Dalam kesempatan tersebut, Ali Basrah tidak menampik bahwa proyek Multy Years memang ada masalah saat itu karena tidak ada pembahasan di Komisi V. “Karena itu Fraksi Golkar ikut mendukung dibatalkannya MoU Proyek Multy Years saat itu. MoU dibatalkan ya, bukan proyeknya,” kata Ali Basrah, memperjelas. “Dibatalkan bersama dan diajukan pembahasan kembali. Itu yang diputuskan DPRA saat paripurna pembatalan,” sambungnya.
Dalam hal fungsi pengawasan, lanjut Ali Basrah, DPRA telah menggunakan kewenangan tersebut secara independen hingga sampai pada tahap Interpelasi dan Angket. “Menggunakan Hak Interpelasi dan Angket, ini sudah kita gunakan. Soal Angket sudah dikembalikan ke Badan Musyawarah (Banmus) saat paripurna beberapa waktu lalu, untuk kelanjutannya kita tunggu informasi dari Banmus,” ungkapnya.
Dalam hal ini, kata Ali Basrah, ada pelajaran yang bisa dipetik dan bisa jadi rujukan bagi daerah lain, bahwa saat DPRA menggunakan haknya, maka saat itu Eksekutif menyadari bahwa ada kekeliruan yang telah dilakukan selama ini, “sehingga dengannya Eksekutif – dalam hal ini Gubernur Aceh – menyadari bahwa ia tidak bisa berjalan seenak maunya sendiri dalam menggunakan uang rakyat, harus ada persetujuan bersama dengan DPR sebagaimana amanah undang-undang,” pungkasnya.
Sementara itu, Kepala Ombudsman Aceh, Taqwaddin, dalam pemaparannya mengatakan, dalam pemerintahan (Eksekutif dan Legislatif) sering kali menimbulkan konflik bukan disebabkan masalah hukum, tapi karena masalah komunikasi yang buruk. “Konflik yang terjadi antara DPRA dan Gubernur Aceh saat itu karena komunikasi tidak jalan. Diundang ke Paripurna tidak datang-datang, ini yang menjadi masalah saat itu,” kata Taqwaddin, mengawali diskusinya.

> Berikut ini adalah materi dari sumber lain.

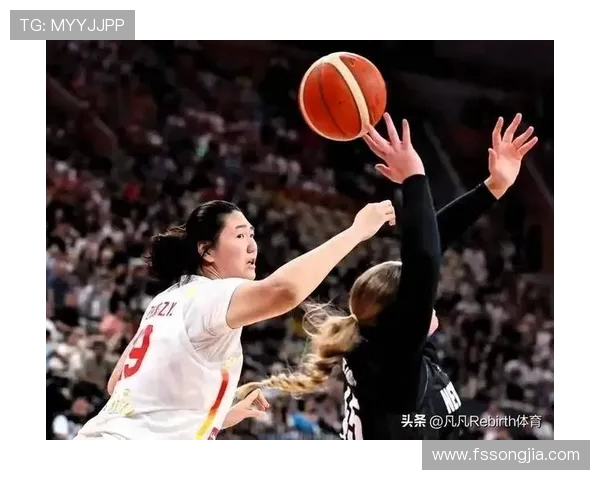 加拿大女篮与德国女篮激战正酣谁能在国际赛场上笑到最后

Dalam perspektif keilmuan, lanjut Taqwaddin, Eksekutif dan Legislatif harus mengetahui betul masalah kebijakan publik. “Karena orientasinya adalah kepentingan publik, maka kebijakan publik ini, penggunaan uang publik, harus dikomunikasikan. Misalnya Dana Refocusing, apakah DPRA mengetahui detailnya kemana saja peruntukan, berapa jumlah penerima bansos. Dalam hal ini yang menimbulkan masalah karena tidak adanya komunikasi dan transparansi dari Eksekutif terhadap mitranya Legislatif. Maka dari itu komunikasi ini sangat penting,” tegasnya.
Dosen Fakultas Hukum Unsyiah itu menambahkan, ada konsekuensi yang sangat serius yang harus diterima akibat komunikasi buruk yang dipertontonkan Eksekutif selama ini, yaitu munculnya kecurigaan publik sehingga menurunkan kepercayaan publik kepada pemerintah.
Terkait proyek Multy Years berupa belasan rua jalan, Taqwaddin tidak menampik bahwa itu sesuatu yang sangat dibutuhkan oleh masyarakat di pedalaman Aceh. Proyek jalan “jaring laba-laba” ini, kata Taqwaddin, sejatinya sudah digodok sejak masa Ibrahim Hasan, kemudian sempat dilanjutkan masa Abdullah Puteh, namun terhenti dan baru hari ini mau digerakkan lagi.
“Jadi akses jalan ini sangat dibutuhkan oleh masyarakat pedalaman Aceh. Kemudian muncul polemik di DPRA sehingga sempat dibatalkan, karena ada administrasinya yang tidak beres, itu yang jadi masalahnya. Dan ini bagus supaya tidak menimbulkan masalah di kemudian hari,” sebut Taqwaddin.
Kepala Ombudsman Aceh ini mengharapkan agar elite Pemerintahan di Aceh membangun komunikasi yang baik dan saling percaya agar pembangunan Aceh dapat berjalan dengan baik. “Kalau antar elite tidak komunikatif, peluang-peluang yang sangat besar dari Pusat terabaikan. Kalau hanya ribut dengan APBA terus, kita tidak sempat berfikir lagi tentang kepentingan Aceh yang lebih besar yang bisa dijemput dari Pemerintah Pusat,” pungkasnya.